Stored records:
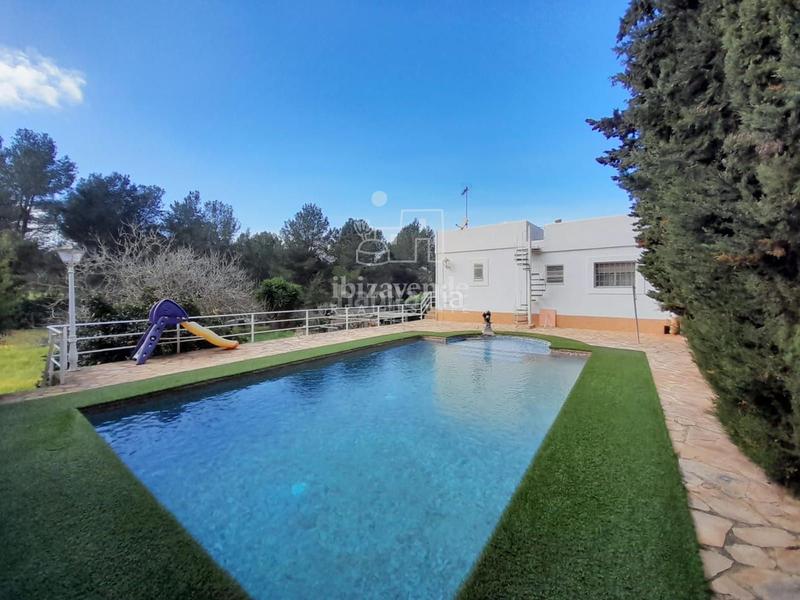 Foto b8d447e4-e5c6-4a89-a17a-4dccdff2c1f9. Chalet autenticidad ibicenca con comodidad moderna en es novells santa eulalia en Santa Eulària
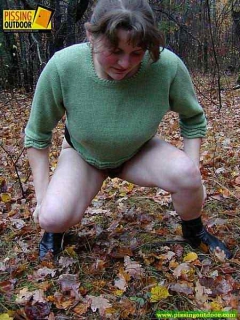 Plump babe pissing - N
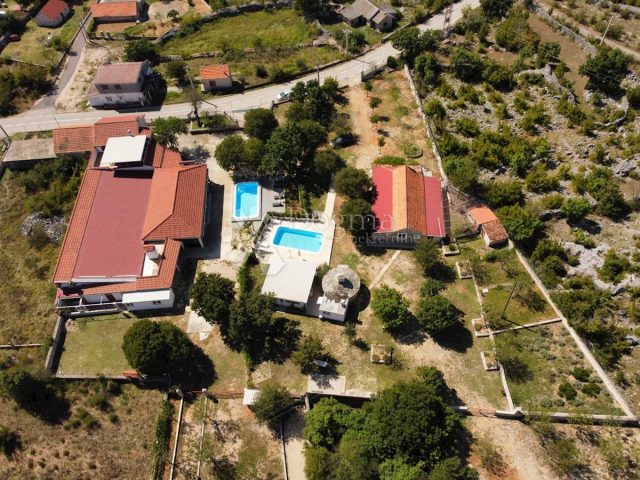 Kuća Na prodaju - Šibensko-kninska Unešić - foto 3/35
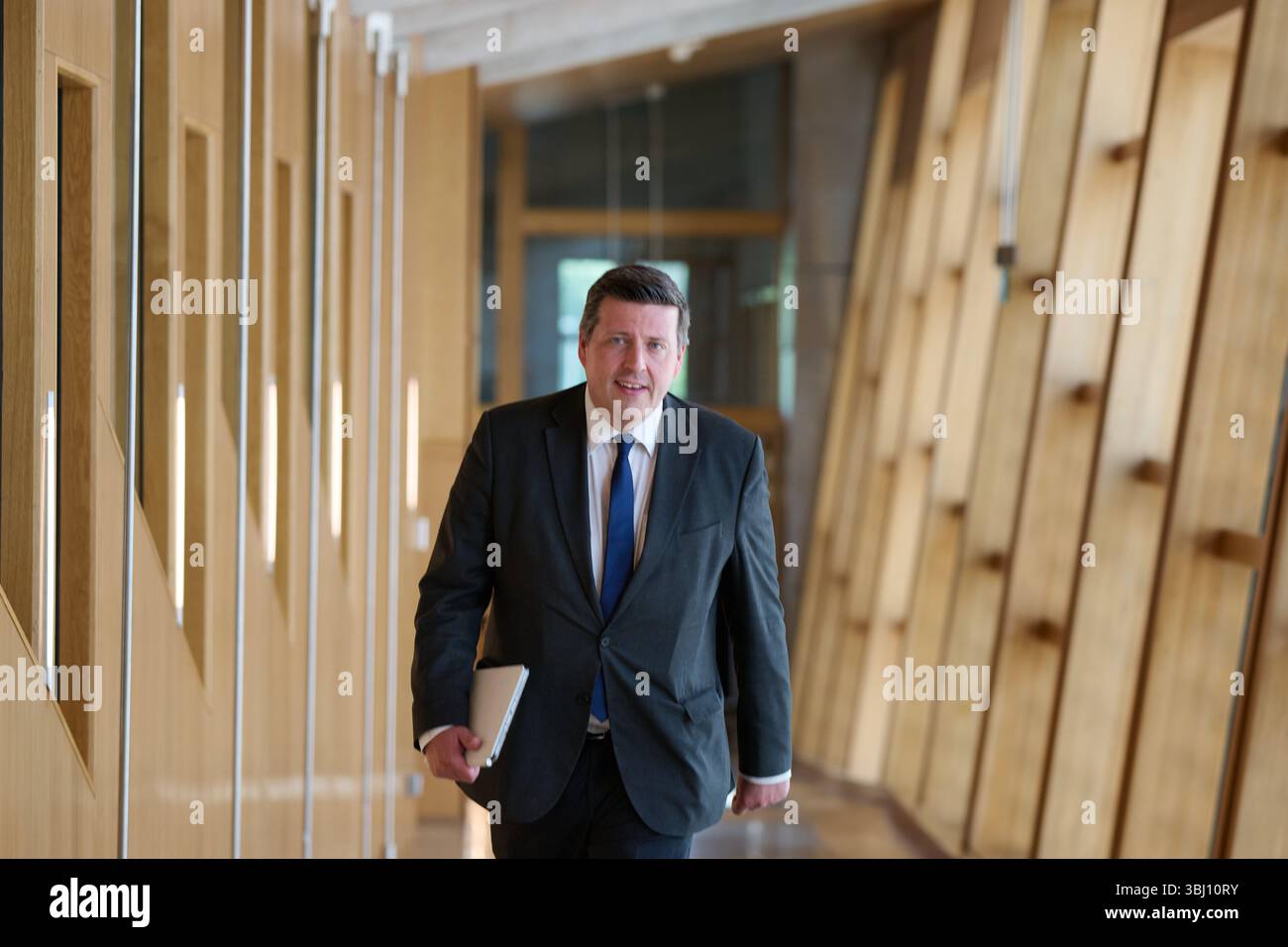 Edinburgh Schottland, Vereinigtes Königreich 12. Juni 2025. Minister für parlamentarische Wirtschaft Jamie Hepburn MSP im schottischen Parlament für erste Fragen des Ministers. Credit sst/alamy Live News Stockfoto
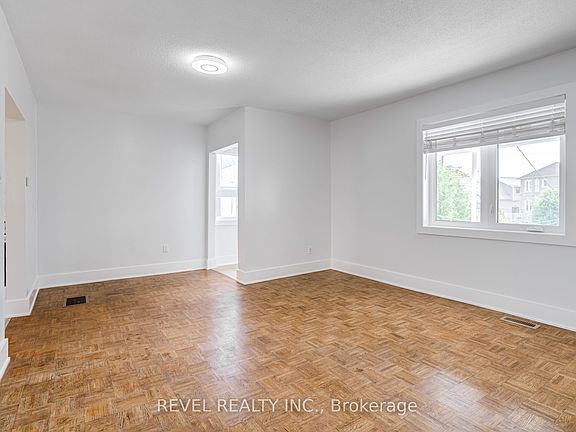 5th image of 24 Kenora Cres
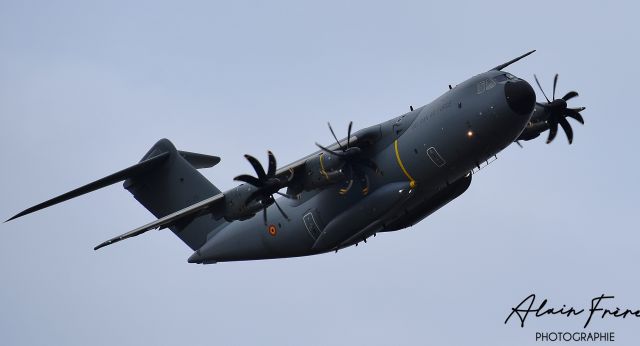 AIRBUS A-400M Atlas — - passage au dessus de la base de Florennes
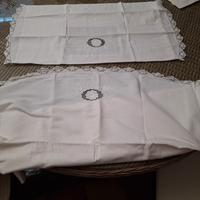 lenzuola di lino, intagliate e all'uncinetto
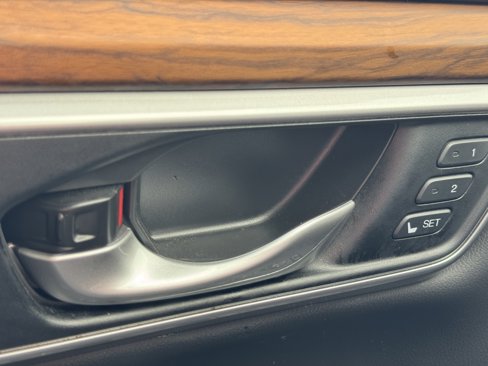 Used 2020 Honda CR-V Touring image 31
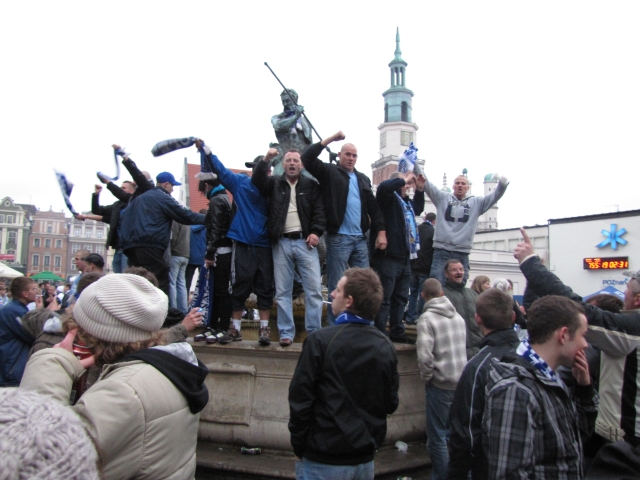 Kibice Lecha na Starym Rynku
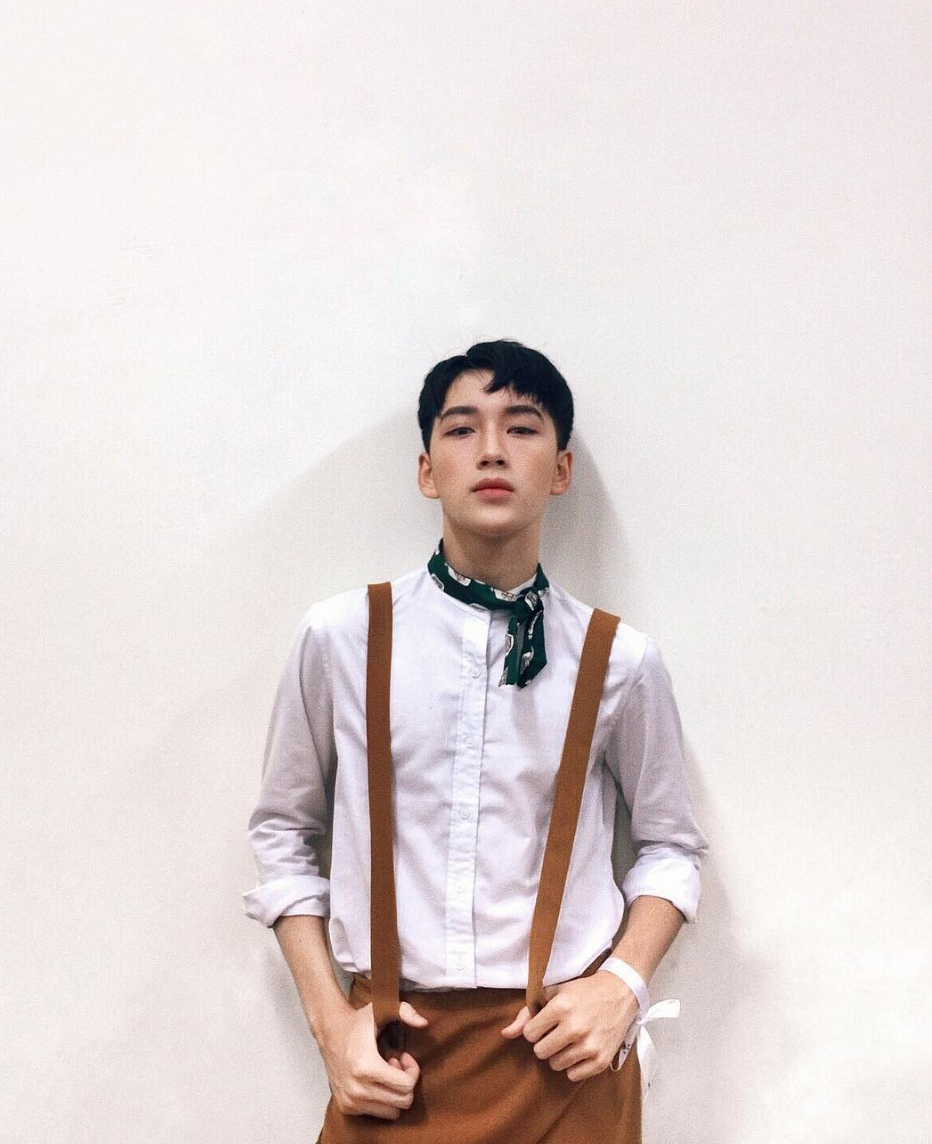 Những lượt like và share nhiệt tình của những người mến Tuấn Việt đã đưa ảnh và clip live stream của cậu vào các diễn đàn và group kín và cũng nhờ thế mà tên tuổi của chàng nam sinh 10X này lại càng được chú ý.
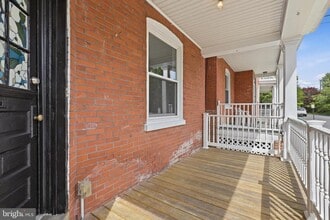 Building Photo - 406 W 20th St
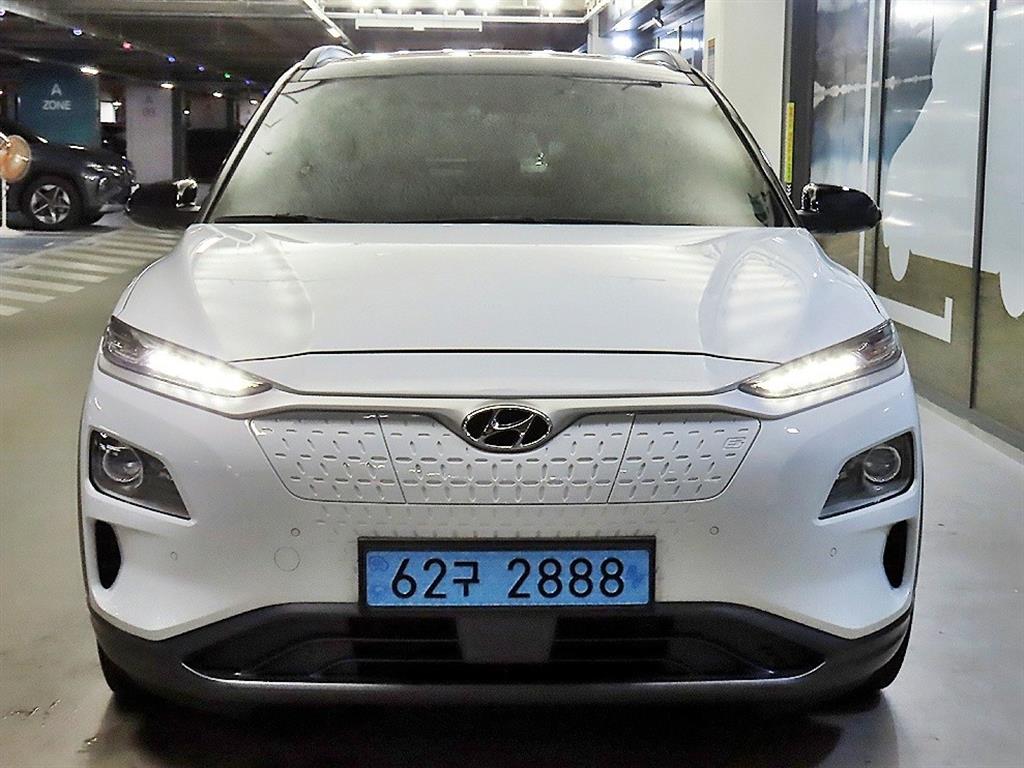Hyundai Kona — photo 02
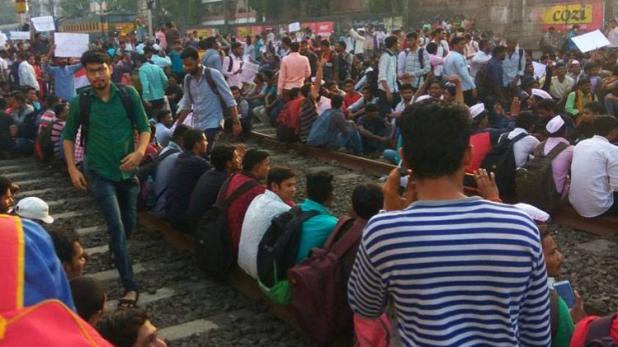 મુંબઈમાં નોકરી માટે વિદ્યાર્થીઓએ રેલવે ટ્રેક કર્યો જામ, 30 લોકલ ટ્રેનો રદ્દ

TASK ITEM: Print exactly the lines from the first line of the records above through the line containing "Hyundai Kona — photo 02", both included, and leave the pictures out.

EXERCISE SOLUTION:
 Foto b8d447e4-e5c6-4a89-a17a-4dccdff2c1f9. Chalet autenticidad ibicenca con comodidad moderna en es novells santa eulalia en Santa Eulària
 Plump babe pissing - N
 Kuća Na prodaju - Šibensko-kninska Unešić - foto 3/35
 Edinburgh Schottland, Vereinigtes Königreich 12. Juni 2025. Minister für parlamentarische Wirtschaft Jamie Hepburn MSP im schottischen Parlament für erste Fragen des Ministers. Credit sst/alamy Live News Stockfoto
 5th image of 24 Kenora Cres
 AIRBUS A-400M Atlas — - passage au dessus de la base de Florennes
 lenzuola di lino, intagliate e all'uncinetto
 Used 2020 Honda CR-V Touring image 31
 Kibice Lecha na Starym Rynku
 Những lượt like và share nhiệt tình của những người mến Tuấn Việt đã đưa ảnh và clip live stream của cậu vào các diễn đàn và group kín và cũng nhờ thế mà tên tuổi của chàng nam sinh 10X này lại càng được chú ý.
 Building Photo - 406 W 20th St
Hyundai Kona — photo 02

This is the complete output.